Originally published in our February 2021 newsletter (Issue 8)

Gokul Iyer is a scientist working in the Joint Global Change Research Institute at the Pacific Northwest National Laboratory. Gokul’s research broadly focuses on interactions across energy, economic, water, land, and climate systems, technology, and institutions at regional to global scales. Gokul has an interdisciplinary background with a Bachelor of Technology degree in Electrical and Electronics Engineering from Visvesvaraya National Institute of Technology, Nagpur, India (2009), a Master of Technology degree in Energy Systems Engineering from the Indian Institute of Technology Bombay, India (2011), and a PhD in Policy Studies from the University of Maryland College Park, USA (2015).

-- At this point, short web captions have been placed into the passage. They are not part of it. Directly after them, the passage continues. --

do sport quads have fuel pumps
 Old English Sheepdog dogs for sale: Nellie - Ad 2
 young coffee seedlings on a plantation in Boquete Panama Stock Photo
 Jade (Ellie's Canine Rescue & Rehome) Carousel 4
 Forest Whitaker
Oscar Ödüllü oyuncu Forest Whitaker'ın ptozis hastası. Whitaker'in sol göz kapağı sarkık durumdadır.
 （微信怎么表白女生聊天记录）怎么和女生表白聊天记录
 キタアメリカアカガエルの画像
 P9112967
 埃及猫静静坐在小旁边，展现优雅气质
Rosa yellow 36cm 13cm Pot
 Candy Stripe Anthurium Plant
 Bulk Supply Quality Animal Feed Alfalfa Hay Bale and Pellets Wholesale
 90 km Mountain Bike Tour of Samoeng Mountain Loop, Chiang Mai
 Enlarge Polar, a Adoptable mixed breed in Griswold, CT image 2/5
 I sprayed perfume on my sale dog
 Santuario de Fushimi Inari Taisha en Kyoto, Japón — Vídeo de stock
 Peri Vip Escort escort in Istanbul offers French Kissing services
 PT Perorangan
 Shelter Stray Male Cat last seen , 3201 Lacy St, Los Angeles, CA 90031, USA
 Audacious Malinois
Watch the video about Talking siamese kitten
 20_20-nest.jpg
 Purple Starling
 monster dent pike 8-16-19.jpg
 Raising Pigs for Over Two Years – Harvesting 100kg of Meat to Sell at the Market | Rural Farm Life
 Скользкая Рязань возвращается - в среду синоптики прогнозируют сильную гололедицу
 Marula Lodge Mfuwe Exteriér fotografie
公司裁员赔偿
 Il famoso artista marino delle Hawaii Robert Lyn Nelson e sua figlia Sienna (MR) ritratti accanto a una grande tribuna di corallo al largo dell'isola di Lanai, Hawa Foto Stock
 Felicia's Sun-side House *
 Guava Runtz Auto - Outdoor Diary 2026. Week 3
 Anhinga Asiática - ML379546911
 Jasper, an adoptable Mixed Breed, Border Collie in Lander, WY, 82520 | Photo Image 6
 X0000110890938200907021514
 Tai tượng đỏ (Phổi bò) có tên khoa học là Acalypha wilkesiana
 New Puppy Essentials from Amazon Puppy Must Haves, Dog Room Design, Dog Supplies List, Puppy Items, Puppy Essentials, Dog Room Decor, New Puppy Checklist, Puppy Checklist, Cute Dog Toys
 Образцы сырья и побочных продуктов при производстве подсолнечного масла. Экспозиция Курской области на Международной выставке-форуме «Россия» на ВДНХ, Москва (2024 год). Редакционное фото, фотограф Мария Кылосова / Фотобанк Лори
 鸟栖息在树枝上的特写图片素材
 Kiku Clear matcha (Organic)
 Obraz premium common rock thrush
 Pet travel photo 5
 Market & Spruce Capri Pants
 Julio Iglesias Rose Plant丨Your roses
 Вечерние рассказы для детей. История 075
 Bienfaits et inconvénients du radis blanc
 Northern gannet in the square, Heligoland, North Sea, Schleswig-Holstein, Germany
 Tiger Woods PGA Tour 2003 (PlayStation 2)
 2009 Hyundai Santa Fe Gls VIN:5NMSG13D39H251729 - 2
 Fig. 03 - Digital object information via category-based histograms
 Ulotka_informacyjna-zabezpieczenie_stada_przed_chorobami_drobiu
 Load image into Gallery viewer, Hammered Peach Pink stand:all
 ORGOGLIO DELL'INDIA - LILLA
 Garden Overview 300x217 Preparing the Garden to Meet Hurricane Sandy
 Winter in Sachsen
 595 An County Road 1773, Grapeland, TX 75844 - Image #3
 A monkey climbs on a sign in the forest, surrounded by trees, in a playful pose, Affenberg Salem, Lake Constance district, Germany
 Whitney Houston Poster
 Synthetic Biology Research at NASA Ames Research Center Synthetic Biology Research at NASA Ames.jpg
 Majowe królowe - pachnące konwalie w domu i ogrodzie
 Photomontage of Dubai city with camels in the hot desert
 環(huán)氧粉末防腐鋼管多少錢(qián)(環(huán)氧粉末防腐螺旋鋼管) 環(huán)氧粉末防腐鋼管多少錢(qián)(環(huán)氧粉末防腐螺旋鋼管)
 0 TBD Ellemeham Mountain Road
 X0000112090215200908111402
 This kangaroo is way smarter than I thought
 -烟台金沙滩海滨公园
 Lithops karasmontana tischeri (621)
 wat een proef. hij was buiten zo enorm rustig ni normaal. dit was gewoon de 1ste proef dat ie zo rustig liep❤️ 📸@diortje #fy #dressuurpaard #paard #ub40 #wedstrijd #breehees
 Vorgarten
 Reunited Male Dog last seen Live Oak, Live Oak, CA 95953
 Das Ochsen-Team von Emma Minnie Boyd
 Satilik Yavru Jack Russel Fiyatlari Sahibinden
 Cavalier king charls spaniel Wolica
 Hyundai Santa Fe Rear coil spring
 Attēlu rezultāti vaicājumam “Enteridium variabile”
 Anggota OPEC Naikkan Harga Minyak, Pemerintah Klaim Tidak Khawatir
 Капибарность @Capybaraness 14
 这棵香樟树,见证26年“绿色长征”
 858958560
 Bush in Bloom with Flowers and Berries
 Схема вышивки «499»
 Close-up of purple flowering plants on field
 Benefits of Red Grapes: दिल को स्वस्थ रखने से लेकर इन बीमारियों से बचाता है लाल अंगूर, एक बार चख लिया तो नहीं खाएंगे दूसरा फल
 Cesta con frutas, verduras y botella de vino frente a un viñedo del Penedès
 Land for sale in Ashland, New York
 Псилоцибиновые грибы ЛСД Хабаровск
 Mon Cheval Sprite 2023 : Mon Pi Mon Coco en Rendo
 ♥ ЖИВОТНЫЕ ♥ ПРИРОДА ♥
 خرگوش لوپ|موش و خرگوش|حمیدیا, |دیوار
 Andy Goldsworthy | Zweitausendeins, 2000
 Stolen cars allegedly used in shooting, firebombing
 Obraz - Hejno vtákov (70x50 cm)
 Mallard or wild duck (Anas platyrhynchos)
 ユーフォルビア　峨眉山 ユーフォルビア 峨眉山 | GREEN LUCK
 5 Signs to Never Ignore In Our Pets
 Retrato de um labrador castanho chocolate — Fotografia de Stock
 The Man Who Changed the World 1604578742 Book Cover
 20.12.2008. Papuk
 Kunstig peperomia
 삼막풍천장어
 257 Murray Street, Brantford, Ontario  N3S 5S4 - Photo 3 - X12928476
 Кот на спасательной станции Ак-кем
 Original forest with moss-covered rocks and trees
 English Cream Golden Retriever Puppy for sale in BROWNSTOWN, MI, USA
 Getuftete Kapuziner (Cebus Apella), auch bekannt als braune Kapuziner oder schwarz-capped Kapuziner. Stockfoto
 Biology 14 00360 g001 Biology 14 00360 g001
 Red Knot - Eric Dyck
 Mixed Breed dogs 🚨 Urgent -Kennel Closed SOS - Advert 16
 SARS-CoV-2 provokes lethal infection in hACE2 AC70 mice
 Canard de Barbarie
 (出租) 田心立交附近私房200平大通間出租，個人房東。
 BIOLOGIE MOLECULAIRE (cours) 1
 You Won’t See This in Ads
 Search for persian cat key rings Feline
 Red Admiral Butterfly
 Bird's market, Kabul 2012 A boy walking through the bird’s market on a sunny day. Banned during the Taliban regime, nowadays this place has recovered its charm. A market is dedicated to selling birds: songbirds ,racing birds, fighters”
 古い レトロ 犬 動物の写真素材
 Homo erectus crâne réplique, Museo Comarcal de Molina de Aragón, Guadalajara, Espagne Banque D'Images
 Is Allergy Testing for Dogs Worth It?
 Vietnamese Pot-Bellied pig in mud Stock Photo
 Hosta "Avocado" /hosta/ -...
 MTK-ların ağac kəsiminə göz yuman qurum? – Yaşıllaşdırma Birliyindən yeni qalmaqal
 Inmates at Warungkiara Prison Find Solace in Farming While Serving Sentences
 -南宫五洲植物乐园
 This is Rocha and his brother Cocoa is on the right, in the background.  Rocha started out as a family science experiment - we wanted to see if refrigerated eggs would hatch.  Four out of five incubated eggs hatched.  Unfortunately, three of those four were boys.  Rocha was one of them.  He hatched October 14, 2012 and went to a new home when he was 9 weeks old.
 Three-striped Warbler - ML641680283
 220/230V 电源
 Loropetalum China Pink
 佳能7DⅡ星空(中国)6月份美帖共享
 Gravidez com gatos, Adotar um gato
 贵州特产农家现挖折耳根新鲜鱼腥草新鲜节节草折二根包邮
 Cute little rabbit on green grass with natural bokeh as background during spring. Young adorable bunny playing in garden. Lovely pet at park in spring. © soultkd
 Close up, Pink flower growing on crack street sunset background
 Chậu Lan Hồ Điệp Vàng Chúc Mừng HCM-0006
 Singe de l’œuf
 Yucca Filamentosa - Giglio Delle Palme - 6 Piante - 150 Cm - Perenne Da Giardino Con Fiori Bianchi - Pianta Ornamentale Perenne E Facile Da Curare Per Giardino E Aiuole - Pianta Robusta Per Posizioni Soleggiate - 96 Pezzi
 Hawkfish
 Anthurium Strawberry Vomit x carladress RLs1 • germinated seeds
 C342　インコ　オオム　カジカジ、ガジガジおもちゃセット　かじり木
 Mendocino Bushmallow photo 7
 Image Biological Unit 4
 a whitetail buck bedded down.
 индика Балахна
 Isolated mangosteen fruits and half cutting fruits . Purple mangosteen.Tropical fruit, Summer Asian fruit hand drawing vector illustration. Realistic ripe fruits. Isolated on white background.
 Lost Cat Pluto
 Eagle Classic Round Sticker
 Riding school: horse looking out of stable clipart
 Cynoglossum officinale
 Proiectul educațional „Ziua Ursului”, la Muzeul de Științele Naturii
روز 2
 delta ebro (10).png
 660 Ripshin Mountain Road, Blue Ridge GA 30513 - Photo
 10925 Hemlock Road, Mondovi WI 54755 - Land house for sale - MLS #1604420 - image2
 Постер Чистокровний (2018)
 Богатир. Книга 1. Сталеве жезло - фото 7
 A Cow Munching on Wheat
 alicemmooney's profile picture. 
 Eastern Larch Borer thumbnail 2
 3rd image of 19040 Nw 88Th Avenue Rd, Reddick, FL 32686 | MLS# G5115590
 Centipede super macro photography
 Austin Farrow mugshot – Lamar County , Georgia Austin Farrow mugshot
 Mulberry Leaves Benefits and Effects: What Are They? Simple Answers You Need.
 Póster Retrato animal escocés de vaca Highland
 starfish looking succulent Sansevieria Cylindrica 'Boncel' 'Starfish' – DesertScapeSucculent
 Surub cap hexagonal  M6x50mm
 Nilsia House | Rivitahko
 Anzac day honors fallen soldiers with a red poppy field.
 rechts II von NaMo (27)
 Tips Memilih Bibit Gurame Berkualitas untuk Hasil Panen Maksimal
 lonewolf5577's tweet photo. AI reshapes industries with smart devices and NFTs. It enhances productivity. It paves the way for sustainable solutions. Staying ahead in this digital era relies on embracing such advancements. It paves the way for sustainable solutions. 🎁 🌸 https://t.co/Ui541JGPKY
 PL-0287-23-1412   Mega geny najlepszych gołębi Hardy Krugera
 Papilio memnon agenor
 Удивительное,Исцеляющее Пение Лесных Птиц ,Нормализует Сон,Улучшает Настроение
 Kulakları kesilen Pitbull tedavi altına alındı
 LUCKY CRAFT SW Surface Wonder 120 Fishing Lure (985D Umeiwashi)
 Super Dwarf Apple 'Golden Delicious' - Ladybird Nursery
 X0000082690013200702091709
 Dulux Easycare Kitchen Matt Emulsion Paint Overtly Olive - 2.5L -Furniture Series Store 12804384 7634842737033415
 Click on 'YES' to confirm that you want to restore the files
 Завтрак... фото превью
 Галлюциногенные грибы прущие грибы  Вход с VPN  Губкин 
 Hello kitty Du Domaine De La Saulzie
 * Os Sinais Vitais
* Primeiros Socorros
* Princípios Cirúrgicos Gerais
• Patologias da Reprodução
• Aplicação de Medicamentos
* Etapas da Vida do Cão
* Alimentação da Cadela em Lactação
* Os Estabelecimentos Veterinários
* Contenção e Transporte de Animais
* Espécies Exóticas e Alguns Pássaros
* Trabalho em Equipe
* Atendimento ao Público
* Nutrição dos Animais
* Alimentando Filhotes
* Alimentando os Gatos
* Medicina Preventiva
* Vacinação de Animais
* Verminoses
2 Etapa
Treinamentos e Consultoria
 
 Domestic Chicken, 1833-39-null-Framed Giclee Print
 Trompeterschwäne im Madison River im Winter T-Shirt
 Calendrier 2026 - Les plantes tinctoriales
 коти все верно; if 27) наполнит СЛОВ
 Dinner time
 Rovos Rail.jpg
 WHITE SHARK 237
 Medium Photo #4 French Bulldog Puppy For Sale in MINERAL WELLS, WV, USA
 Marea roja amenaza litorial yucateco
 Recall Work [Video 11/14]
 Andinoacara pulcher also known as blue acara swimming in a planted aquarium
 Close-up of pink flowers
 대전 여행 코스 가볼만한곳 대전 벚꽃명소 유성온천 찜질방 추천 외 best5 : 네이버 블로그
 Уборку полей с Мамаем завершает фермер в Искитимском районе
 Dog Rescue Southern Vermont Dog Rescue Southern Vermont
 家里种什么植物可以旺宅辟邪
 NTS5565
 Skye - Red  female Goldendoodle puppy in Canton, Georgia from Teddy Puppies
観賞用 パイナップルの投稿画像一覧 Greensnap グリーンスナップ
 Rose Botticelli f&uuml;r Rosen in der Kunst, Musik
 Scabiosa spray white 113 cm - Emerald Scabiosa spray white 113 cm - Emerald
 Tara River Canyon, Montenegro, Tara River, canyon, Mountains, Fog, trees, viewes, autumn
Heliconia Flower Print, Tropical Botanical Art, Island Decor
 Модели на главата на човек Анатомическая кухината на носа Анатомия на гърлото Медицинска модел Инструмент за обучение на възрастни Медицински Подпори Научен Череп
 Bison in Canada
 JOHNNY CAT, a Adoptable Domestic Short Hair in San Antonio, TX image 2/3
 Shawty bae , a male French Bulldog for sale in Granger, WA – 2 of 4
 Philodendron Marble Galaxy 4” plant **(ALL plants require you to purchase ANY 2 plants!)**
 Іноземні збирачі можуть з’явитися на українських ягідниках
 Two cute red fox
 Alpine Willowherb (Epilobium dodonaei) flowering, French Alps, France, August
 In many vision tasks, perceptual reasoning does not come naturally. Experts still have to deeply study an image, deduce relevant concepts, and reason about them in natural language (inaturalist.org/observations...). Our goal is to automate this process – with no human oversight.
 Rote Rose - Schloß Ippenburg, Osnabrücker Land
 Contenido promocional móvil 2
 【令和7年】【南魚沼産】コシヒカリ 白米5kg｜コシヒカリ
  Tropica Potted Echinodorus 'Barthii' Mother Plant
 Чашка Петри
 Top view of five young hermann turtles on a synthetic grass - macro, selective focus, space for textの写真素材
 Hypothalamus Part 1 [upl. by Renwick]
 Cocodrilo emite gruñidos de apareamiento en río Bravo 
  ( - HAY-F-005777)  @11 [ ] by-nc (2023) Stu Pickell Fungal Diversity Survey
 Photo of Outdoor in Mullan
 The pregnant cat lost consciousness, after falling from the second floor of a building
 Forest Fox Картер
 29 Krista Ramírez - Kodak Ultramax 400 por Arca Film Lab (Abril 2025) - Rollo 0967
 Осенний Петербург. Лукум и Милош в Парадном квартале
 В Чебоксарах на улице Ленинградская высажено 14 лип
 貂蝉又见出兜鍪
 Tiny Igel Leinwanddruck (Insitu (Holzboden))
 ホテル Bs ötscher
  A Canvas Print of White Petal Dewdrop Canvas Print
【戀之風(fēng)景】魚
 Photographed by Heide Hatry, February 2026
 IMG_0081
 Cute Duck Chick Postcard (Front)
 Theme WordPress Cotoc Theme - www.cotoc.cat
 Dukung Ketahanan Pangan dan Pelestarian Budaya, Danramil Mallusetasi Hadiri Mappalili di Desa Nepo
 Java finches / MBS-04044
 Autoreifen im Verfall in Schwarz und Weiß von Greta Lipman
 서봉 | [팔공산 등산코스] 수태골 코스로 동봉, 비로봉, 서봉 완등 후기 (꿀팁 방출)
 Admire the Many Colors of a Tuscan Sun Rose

Gokul’s contribution and leadership roles in the multisector dynamics community include his role as a Major Experiment lead within the Global Change Intersectoral Modeling System (GCIMS) project, and a capability lead for the Global Change Analysis Model (GCAM) within the Integrated Multi-sector Multi-scale Modeling (IM3) project. Traditionally, multisector models of similar class and scope as GCAM have been used to study human-Earth system interactions at coarse geographic and temporal scales, dividing the world into one to three dozen geopolitical regions and running in half-decade increments. In response to the needs of understanding human-Earth system interactions at finer spatial and temporal scales, modeling efforts have begun to incorporate more detail into such models., Gokul has been coordinating multi-year, multi-researcher efforts to improve the representation of subnational energy-water-land dynamics within GCAM by developing GCAM-USA – the version of GCAM with state-level details in the USA. His work pushes the boundary in terms of spatial, temporal, sectoral, and technological detail for models of GCAM’s scope and class.

Recently, Gokul—along with Neal Graham, Mohamad Hejazi, and Son H. Kim—coordinated the improved representation of water supplies and demands within GCAM-USA. As a result, GCAM-USA now includes state-level representations of energy, state- and basin- level representations of water and land systems, and interactions across them. Since GCAM-USA also represents the rest of the world in the same regions as GCAM, these improvements allow users to run a broad range of multi-decadal scenarios of human and natural systems with subnational details in a consistent, integrated framework that simultaneously accounts for subnational dynamics within the USA while also capturing key interactions in the rest of the globe.
In addition, Gokul led a team of researchers including Marshall Wise, Pralit Patel, Matthew Binsted, Son Kim, Yang Ou, and Zarrar Khan to incorporate improved state-level technology, resource, and socioeconomic assumptions in GCAM-USA. More recently, the team incorporated information about sub-annual (monthly day/night) electricity load profiles, and separate markets for electric capacity and electricity demand in GCAM-USA. In addition, the team implemented dynamically and endogenously changing load profiles in response to future temperature changes and associated investment and operation decisions within GCAM-USA. The improved model also includes representations of key structural elements of the power sector such as electricity trade across multi-state grids and between states within a grid. Ongoing efforts at JGCRI are focused on expanding this capability to the rest of the globe and including representations of electric storage.
Gokul’s current research also focuses on better understanding how regional teleconnections through trade and resource supply networks can affect the co-evolution of energy-water-land systems within the USA and globally. As part of this effort, Gokul is coordinating efforts across JGCRI to improve representation of water resources and energy trade, incorporate mineral resources and trade, and implement forest trade in GCAM. His work is expected to provide a quantification and mapping of regional teleconnections across the globe for energy, water, land systems in the 21st century.